The cr.yp.to microblog: 2020.02.04 19:13:34

2020.02.04 19:13:34 (1224757908682027008) from Daniel J. Bernstein, replying to "John Schanck (@susurrusus)" (1224749552474955777):

Let's work out the numbers for getting the obvious n=53 1000-gate attack done in 1 second. Parallelize across, say, 2^23 chips, each storing 2^30 floats and doing 2^40 simple ops/second. Spreading chips across 100m x 100m handles the heat. Speed of light is nowhere near an issue.

2020.02.05 23:42:44 (1225188033403801602) from Daniel J. Bernstein:

Side note further confirming my model: Google's Nature paper https://www.nature.com/articles/s41586-019-1666-5.pdf also says that it uses the obvious space-2^n algorithm for as many qubits as it can (namely 43) given the amount of RAM on the target computer. Realistic parallelism gets latency down to 2^(n/2).

Context

2020.02.04 18:04:10 (1224740440160731136) from Daniel J. Bernstein, replying to "John Schanck (@susurrusus)" (1224735804393709574):

IBM's "2.5 days" is bottlenecked by _disk_, precisely because they don't have enough RAM (which would cost roughly $100 million). "Treewidth" on slide 17 sounds like an allusion to vastly slower algorithms: Google estimates 10000 years for these circuits. Why do you claim faster?
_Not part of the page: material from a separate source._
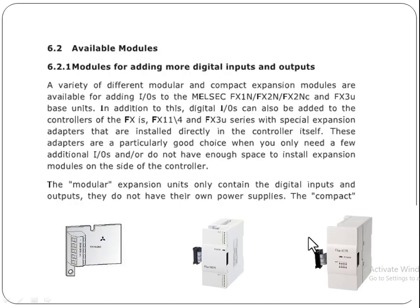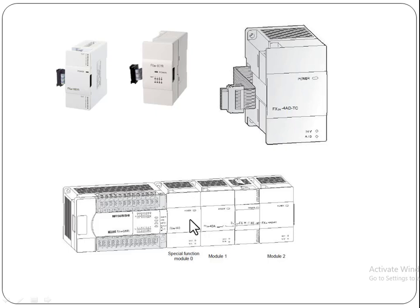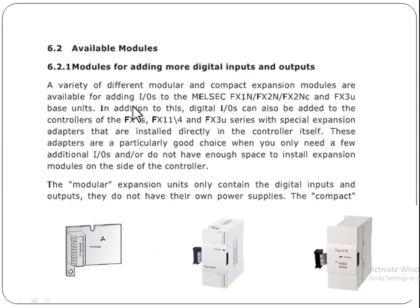These are the modules which provide digital inputs and outputs. This adapter is used to add a few digital inputs on the left side of the controller, and these modular expansion units are used to add digital inputs and outputs on the right side. If you don't have space for the expansion units, you can add an adapter on the left side to add a few digital inputs or outputs.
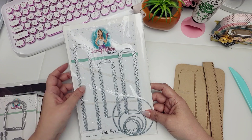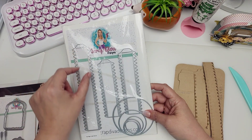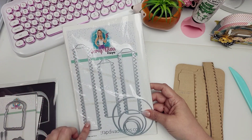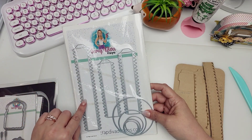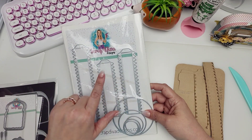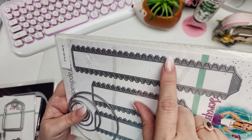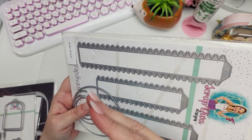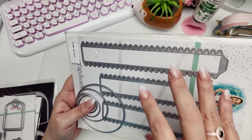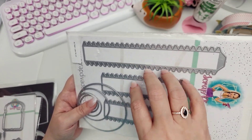You don't need the die set — you can make these using your scoreboard. It's basically a strip of paper with little tabs on the side, but this die set just makes it that much easier. It comes with three different sizes for each tier, and it has the little tabs already cut out so you don't have to be cutting tabs yourself. It's not necessary, but definitely something I use here a lot.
2020.02.04 18:09:17 (1224741730941112320) from Daniel J. Bernstein:

And, to be clear, the arxiv paper that you cite is one of the vastly slower algorithms for these circuits. Google skipped the obvious much faster algorithm because they didn't realize space 2^53 is feasible; this is questionable for legitimate users and wrong for attackers.

2020.02.04 18:24:42 (1224745610718384128) from "John Schanck (@susurrusus)":

Treewidth is an allusion to tensor network contraction algorithms. IBM's estimate of 2.5 days is limited by disk, but they estimate 0.45 days on tensor network contraction. Their estimate is based on Table 1 of the arxiv paper I cited.

2020.02.04 18:40:22 (1224749552474955777) from "John Schanck (@susurrusus)", replying to "John Schanck (@susurrusus)" (1224745610718384128):

Correction: 0.17 days. I pulled the percent compute time from the wrong table.